We have also taken a number of steps to ensure that our healthcare system was capacitated at the peak, and it continues to have the capacity to provide care.

  • All 200 beds at the Mitchells Plain Hospital of Hope field hospital have been commissioned. Not all of these beds have been used;
  • Of the 136 additional beds that could have been brought online, should more be needed, we have only needed to bring 20 beds online because of the hospital stabilisation;
  • Our additional supply of oxygen has meant that all our facilities have adequate oxygen, and one of the five tankers has been returned;
  • We have sufficient PPE supplies for health care workers and other frontline staff; and
  • We have now made offers to 529 health care workers to increase health care worker capacity and 81 have started already


At the same time, our economy – which relies heavily on tourism and hospitality - is suffering greatly.

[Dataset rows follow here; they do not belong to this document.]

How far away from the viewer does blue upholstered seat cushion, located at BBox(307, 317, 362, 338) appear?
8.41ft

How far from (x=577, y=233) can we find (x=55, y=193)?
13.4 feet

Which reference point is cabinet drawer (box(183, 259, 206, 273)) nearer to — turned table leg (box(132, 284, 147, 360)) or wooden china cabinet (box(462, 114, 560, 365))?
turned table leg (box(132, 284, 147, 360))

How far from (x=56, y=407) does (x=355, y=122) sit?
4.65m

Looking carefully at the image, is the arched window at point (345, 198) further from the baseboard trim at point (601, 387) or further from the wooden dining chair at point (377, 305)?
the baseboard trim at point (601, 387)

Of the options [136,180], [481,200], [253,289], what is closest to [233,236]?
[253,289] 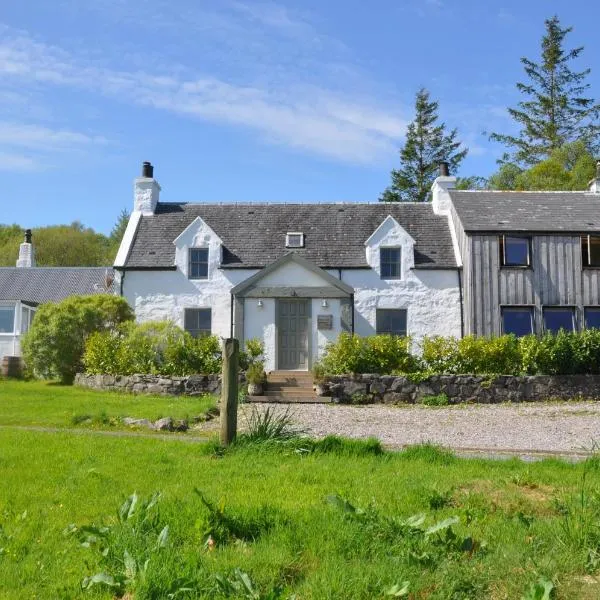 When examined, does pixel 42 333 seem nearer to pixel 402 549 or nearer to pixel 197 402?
pixel 197 402

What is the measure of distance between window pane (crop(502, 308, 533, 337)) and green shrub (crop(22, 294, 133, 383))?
46.0 feet

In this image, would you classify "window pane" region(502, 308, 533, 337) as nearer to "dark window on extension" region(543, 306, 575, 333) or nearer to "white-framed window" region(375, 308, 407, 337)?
"dark window on extension" region(543, 306, 575, 333)

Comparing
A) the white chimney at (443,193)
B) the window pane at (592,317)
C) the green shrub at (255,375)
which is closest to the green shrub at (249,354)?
the green shrub at (255,375)

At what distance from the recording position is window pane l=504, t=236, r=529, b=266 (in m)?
24.9

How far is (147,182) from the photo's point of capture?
1104 inches

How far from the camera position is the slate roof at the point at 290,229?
25828 millimetres

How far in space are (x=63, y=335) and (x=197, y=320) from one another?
5144mm

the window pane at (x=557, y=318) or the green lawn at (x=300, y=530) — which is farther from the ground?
the window pane at (x=557, y=318)

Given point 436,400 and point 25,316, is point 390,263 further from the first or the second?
point 25,316

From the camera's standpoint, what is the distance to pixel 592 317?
2477 centimetres

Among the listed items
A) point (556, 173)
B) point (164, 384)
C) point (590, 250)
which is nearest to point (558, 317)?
point (590, 250)

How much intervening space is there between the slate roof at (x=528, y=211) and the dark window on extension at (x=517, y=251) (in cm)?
48

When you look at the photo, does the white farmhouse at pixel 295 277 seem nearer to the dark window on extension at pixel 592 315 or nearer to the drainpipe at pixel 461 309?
the drainpipe at pixel 461 309

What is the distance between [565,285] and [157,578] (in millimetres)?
22887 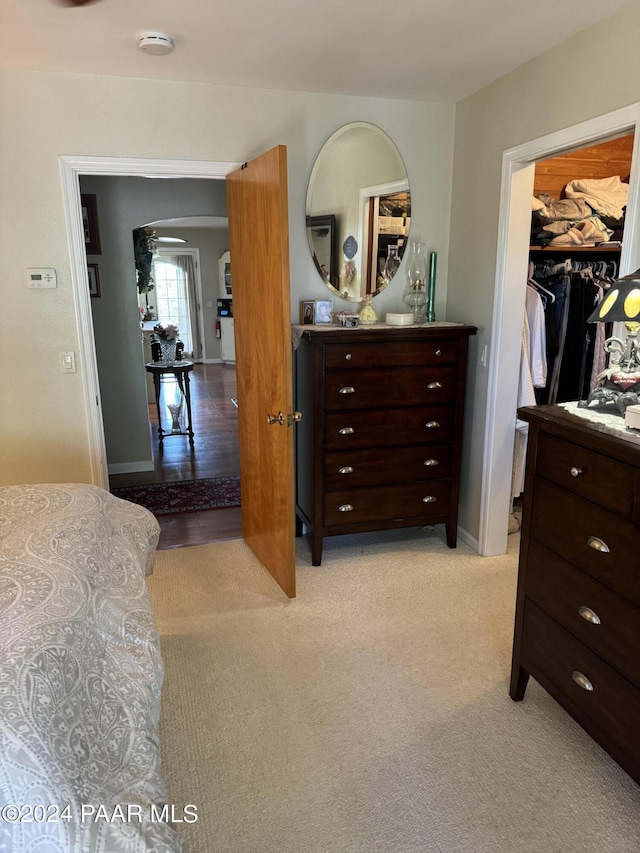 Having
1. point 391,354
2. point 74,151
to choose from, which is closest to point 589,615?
point 391,354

  • The first two weeks of the latest alcohol ban are estimated to have cost the Western Cape economy R1-billion. This has impacted 1,893 direct jobs in the retail sector and 905 induced and indirect jobs across the value chain resulting in 2,798 jobs being compromised;
  • If the ban is to continue for a full month, which it now looks likely to do, it will end up costing the Western Cape’s economy R2-billion. This would then impact 5,596 jobs;
  • Nearly 30% of restaurants surveyed have closed temporarily or permanently, based on data from the Restaurant Association of South Africa. There is an inflection point where shortened operating hours do not make business sense to operate, resulting in workers losing their jobs;
  • Wine grapes represent 50.3% of the 181,233ha under production in the Western Cape, and the replacement value of these wine grapes amount to R33.94-billion;
  • The Western Cape’s Department of Agriculture estimates that 45,610 people work in the primary production side of the wine industry and it supports 228,053 people; and
  • Based on our tourism multiplier model which has been used in the Western Cape’s research for many years, the continued beach ban is costing the sector over R120-million per month. Some 12.8% of the annual eight million visitors indicate beach visits as their top activity.


Minister David Maynier also revealed further worrying tourism data this week, which now indicates that the much-needed recovery that the tourism sector needed over the festive season didn’t happen.

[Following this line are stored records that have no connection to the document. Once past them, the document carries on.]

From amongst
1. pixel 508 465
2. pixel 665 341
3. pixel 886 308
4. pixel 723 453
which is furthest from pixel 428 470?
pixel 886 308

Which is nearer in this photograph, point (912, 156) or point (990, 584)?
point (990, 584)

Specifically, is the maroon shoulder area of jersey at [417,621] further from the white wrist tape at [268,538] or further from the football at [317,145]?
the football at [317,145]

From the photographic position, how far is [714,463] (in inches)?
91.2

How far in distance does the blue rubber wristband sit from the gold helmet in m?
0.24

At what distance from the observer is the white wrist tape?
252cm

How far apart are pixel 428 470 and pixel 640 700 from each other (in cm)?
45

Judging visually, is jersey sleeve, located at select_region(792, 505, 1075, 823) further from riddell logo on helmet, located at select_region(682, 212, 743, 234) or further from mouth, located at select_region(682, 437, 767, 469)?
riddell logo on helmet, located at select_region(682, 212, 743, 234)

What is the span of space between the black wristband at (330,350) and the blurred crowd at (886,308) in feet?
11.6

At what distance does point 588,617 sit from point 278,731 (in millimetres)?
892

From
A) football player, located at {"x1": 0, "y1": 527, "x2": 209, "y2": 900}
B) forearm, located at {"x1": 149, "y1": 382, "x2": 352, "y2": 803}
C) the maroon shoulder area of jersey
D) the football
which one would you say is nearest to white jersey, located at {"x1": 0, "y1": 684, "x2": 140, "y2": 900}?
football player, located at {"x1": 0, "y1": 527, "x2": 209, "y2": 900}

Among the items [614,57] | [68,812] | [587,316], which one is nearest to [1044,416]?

Almost all the top attractions in the Western Cape indicated a more than 60% drop in visitors over the peak tourism season.

  • STR (2021), who provide market data on the hotel industry, reports hotel occupancy levels in the Western Cape were at 32.7% in December 2020, compared to 68.1% in December 2019.In Cape Town, 5-star hotel occupancy levels were at 29% in December 2020, 4-star hotel accommodation at 34% and 3-star hotel occupancy at 31% occupancy.
  • Similar results were reported for the Garden Route and the Cape Winelands.
  • Traffic volumes have decreased by up to 27% on South Africa’s major highways, indicating a drop in domestic travel.
  • The domestic terminal at Cape Town International Airport saw only 51% of the volume of travelers compared with December 2019.A survey by NightsBridge, conducted after the announcement of the Garden Route as a hotspot, found that one-third of guesthouses on the Garden Route indicated at least 50% of festive season cancellations.
  • The same study reported that 12.7% of bookings in the Western Cape were cancelled.
  • South Africa Tourism Survey (December 2020) found that 58% of tourism and hospitality businesses were unable to service their debts and 61% of businesses were unable to cover fixed costs in October 2020. This was before the Alert Level 3 restrictions were announced in December. 

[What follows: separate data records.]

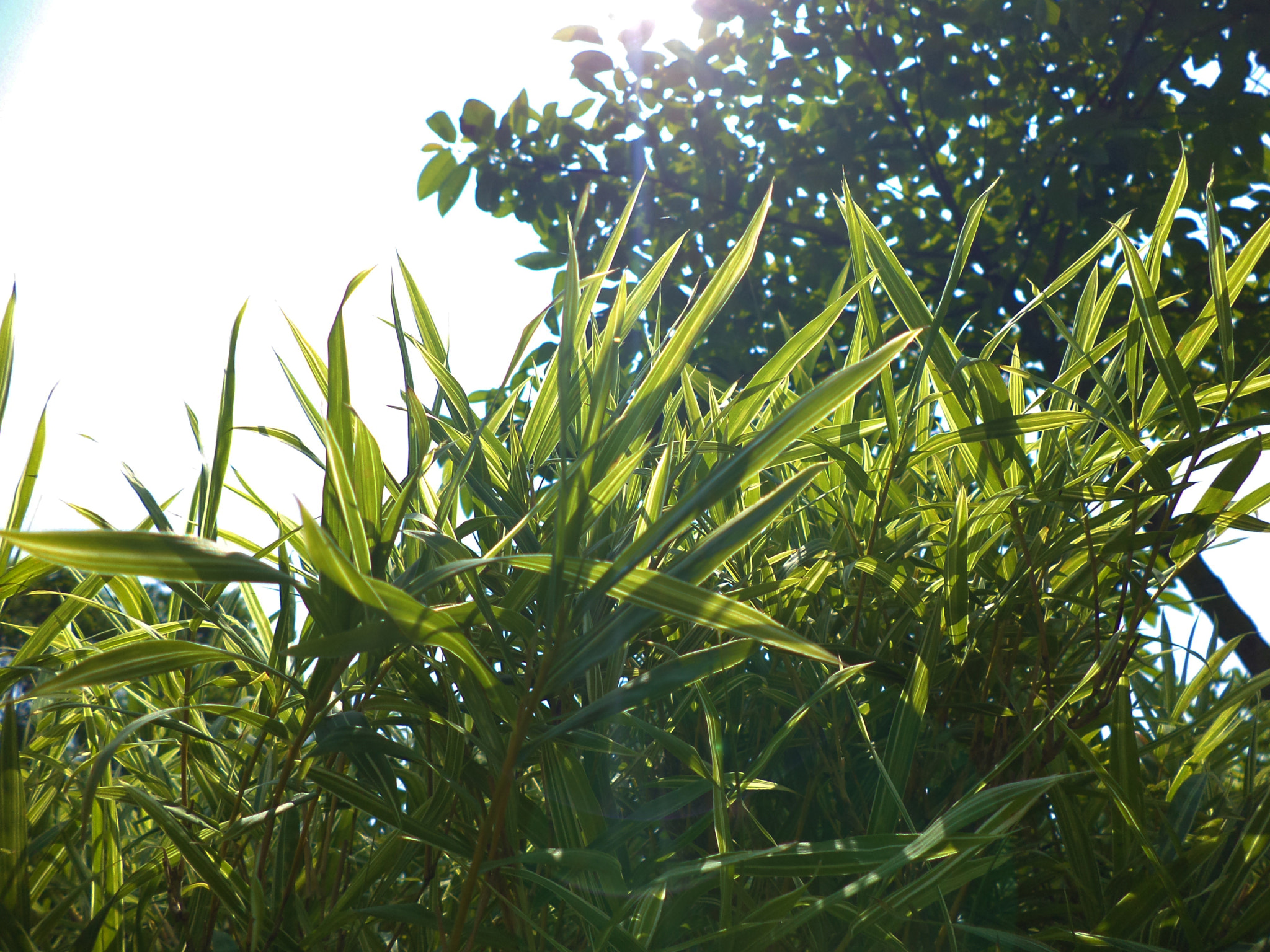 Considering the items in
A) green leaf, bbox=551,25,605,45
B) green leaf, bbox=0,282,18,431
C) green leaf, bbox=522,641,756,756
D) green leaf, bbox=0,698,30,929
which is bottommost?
green leaf, bbox=0,698,30,929

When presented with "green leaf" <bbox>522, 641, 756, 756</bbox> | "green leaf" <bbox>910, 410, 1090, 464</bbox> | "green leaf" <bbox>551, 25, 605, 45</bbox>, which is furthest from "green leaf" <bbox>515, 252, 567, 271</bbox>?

Throughout this pandemic, we have argued for getting balance right in saving both lives and jobs, and we have not hesitated to take action in getting that balance right over the last year.  

The reality is that the balance is not being achieved currently and that the President needs to use the differentiated approach to help save jobs in the Western Cape and those provinces that have clearly passed their peak.